The retina is saying that the two shafts are the same length but the brain is interpreting the Muller-Lyer as a depth issue, with the shaft that looks like an outside corner being closer and the shaft that looks like an inside corner being farther away. In other words, the retina is saying "two shafts equal" and the brain is saying "outside shaft shorter than inside shaft".

Psychologists have attempted to support this theory that the Muller-Lyer illusion is caused by our experiences with outside and inside corners, by showing the illusion to an African tribe that lived in circular huts and therefore had no perceptual experiences with corners. People in this tribe didn't seem to be fooled by the illusion thus supporting the "experience with corners" explanation of the illusion.

A counter-study concerned a man who was completely blind (except for light sensitivity) from the of age 3. Recently this man received a successful corneal transplant. Studies have shown that he is impressively free from geometrical illusions that are associated with a suggestion of depth (such as the Shepard Tables illusion shown below -- the two table tops are the same size).

However, he shows roughly normal susceptibility to the Muller-Lyer illusion. This finding suggests that the Muller-Lyer illusion does not depend on processes associated with depth perception.

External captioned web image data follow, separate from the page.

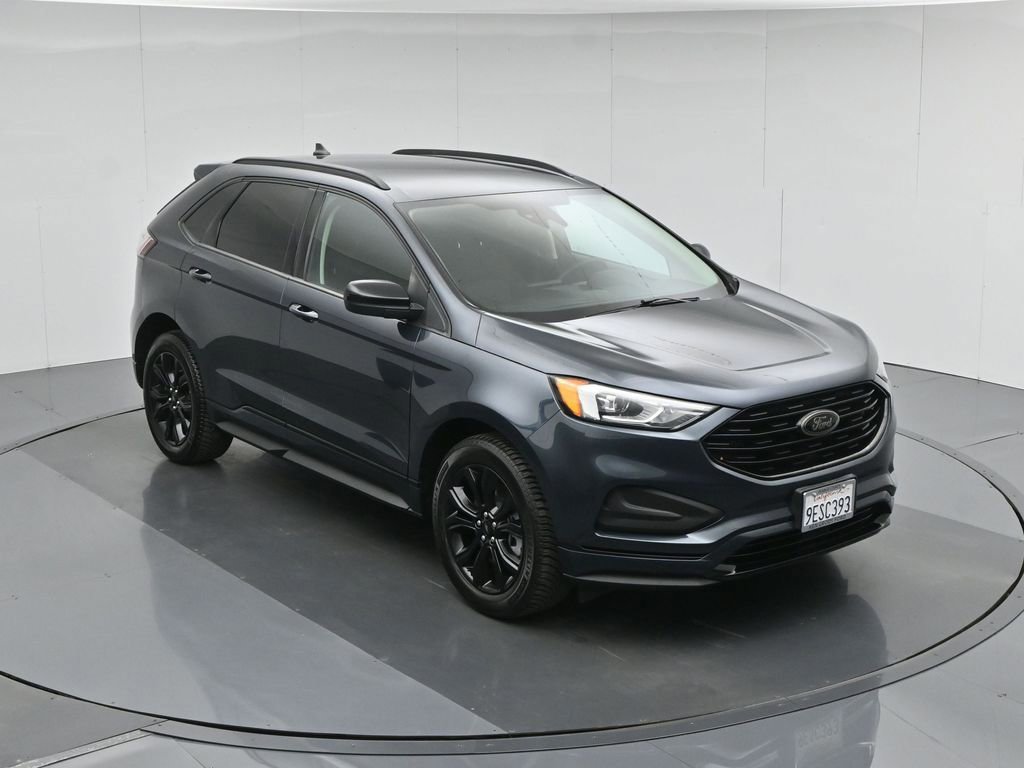 Certified 2022 Ford Edge SE w/ Black Appearance Package image 4
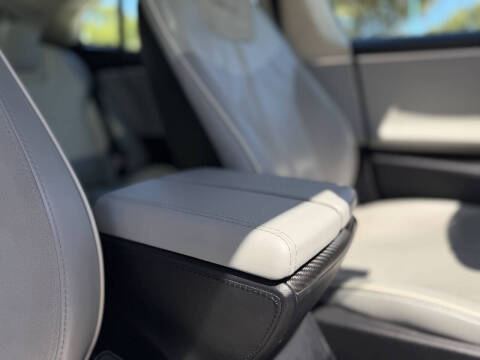 2013 Tesla Model S Performance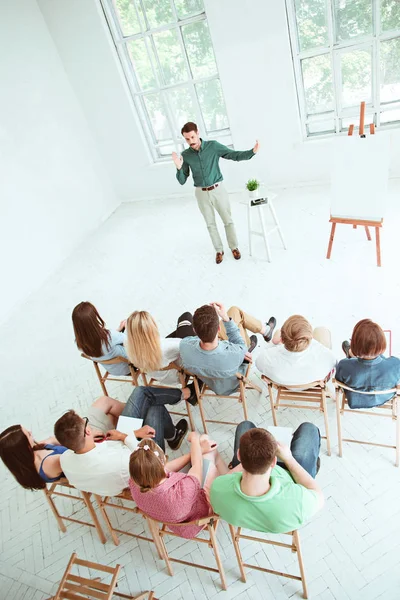 Ponente en la reunión de negocios en la sala de conferencias . — Foto de Stock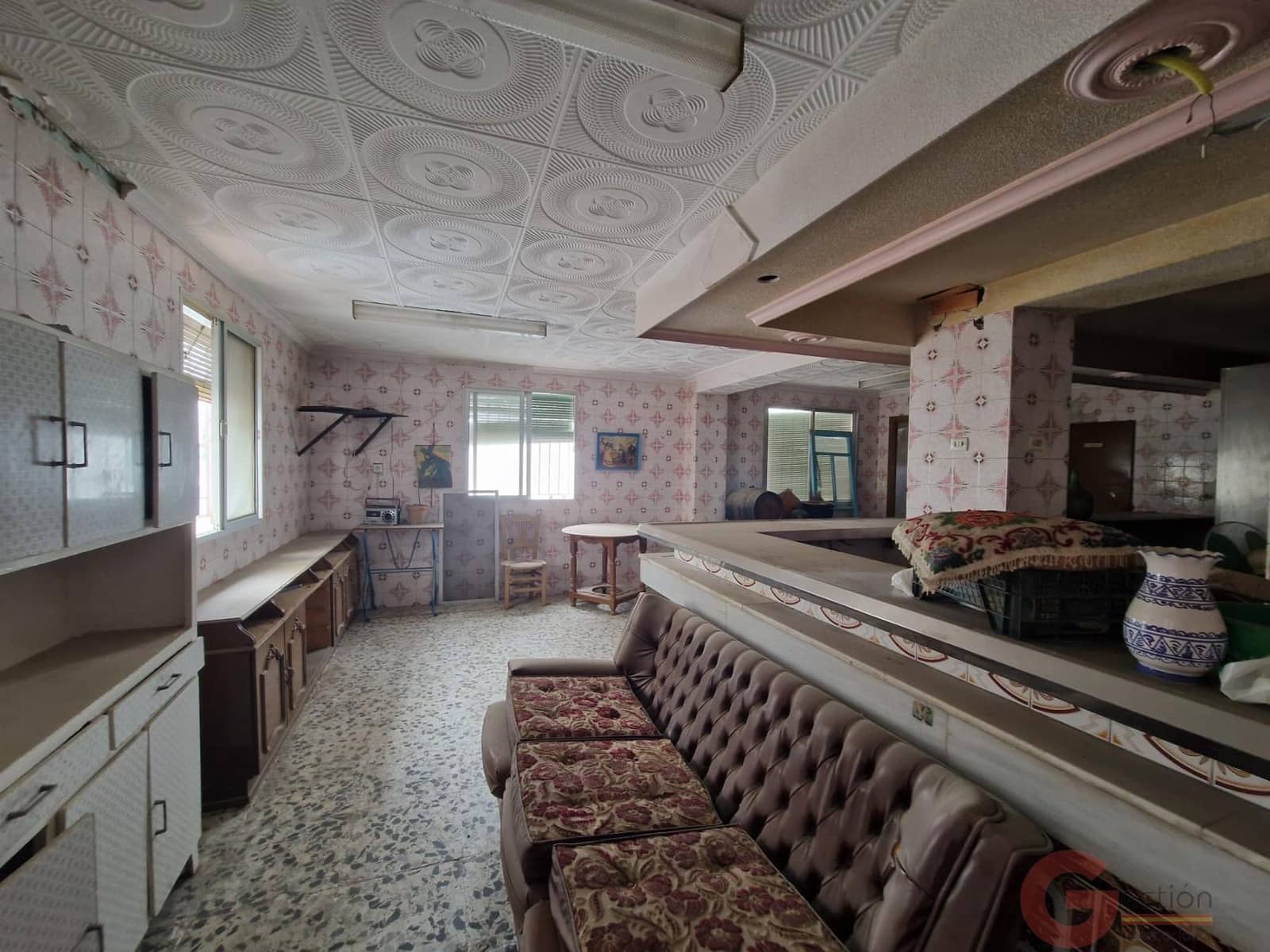 6 bedroom Villa for sale in Molvizar - € 199,500 (Ref: 9899994)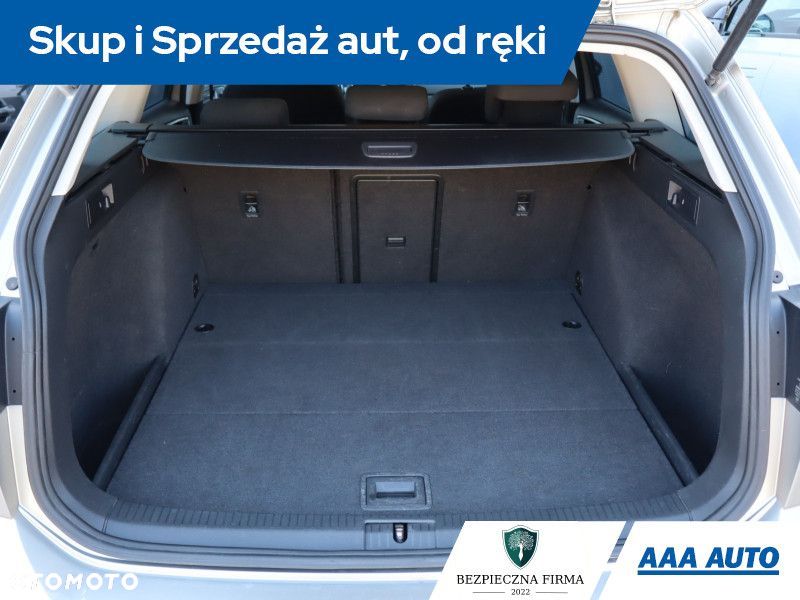 Volkswagen Golf Variant - 15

The Eye Movement Explanation

This explanation suggests that the shaft ending in the inward slanting fins causes people to perceive it as shorter because the perception of the shaft is pulled back by the "turning back" of the fins. In other words, our eyes go out toward the point and then come back as they follow the fin shafts back. This turning back of our eyes (or perception) makes the shaft seem shorter. Conversely, the outward slanting fins draw our perception on farther making that shaft seem longer.